From the moment our children are born, our job as parents is to hold them close and let them go at the same time; from learning to crawl to first steps to 3 hours of pre-school that felt like forever; the tearful agonizing joyful moment you let go of your little one’s hand to go to kindergarten; couldn’t wait to push them out the door at 13 and now suddenly…*gulp* All growed up??
18 years counting backwards. It all comes in a rush of memories of the gold star parenting moments, the epic fail parenting moments, the moments your child spoke with a wisdom that humbled you to your core. Flashbacks to every victory won, every loss, every accomplishment, every conversation about how there are no failures, only try try try; the tender way they snuggled with you while watching a movie (even in high school); the boo-boos they came running to you for a Band-aid and a kiss; the ginormous conversations with your teen that always happened in the car or while folding laundry or doing the dishes where you tried not to let your jaw drop and keep your center at what they were confiding - the simultaneous glad they felt they could come to you and omg I don’t want to know.

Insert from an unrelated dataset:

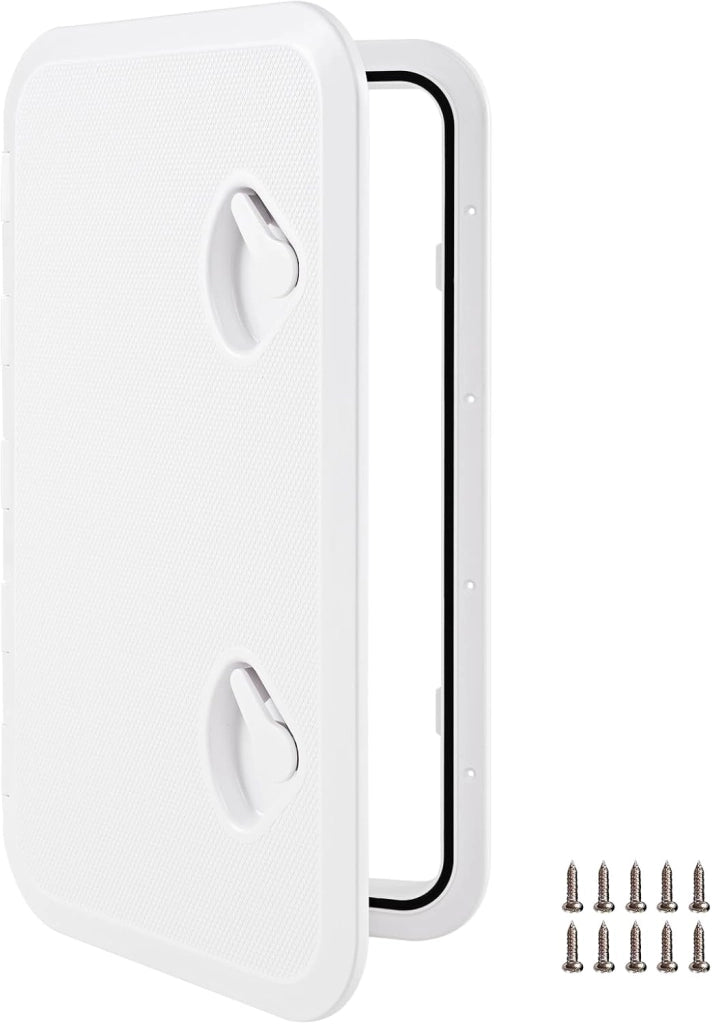 Portello d’Ispezione in ABS 60,5 x 35,5 cm, Portello di Accesso del Ponte Rettangolare Antiscivolo Apertura a 180°, Copertura del Ponte Marino della Barca, Bianco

Oh, how they would dutifully ignore you while at home and then wonder where you went if you left the house and the secret smile it brought to you that YES, in fact, you matter. It will forever sting of remembering how they loved you anyway through their tears because you yelled…again, because you were tired & cranky and they were the nearest target of your discontent.
All is cherished and forgiven as they stand before you, glowing with pride in the ceremony of the day of conferring diplomas of accomplishments. Both you and your child, glowing with pride of completing another milestone, another grade, another school - another year grown. Hope and promise of a new horizon.
Listen up, Life - be good to this kid because that’s my baby.
Every graduation my wish for my children was always this:
“You have to leave the city of your comfort and go into the wilderness of your intuition. You can’t get there by bus, only by hard work and risk and by not quite knowing what you’re doing. But what you’ll discover will be wonderful. What you’ll discover will be yourself.”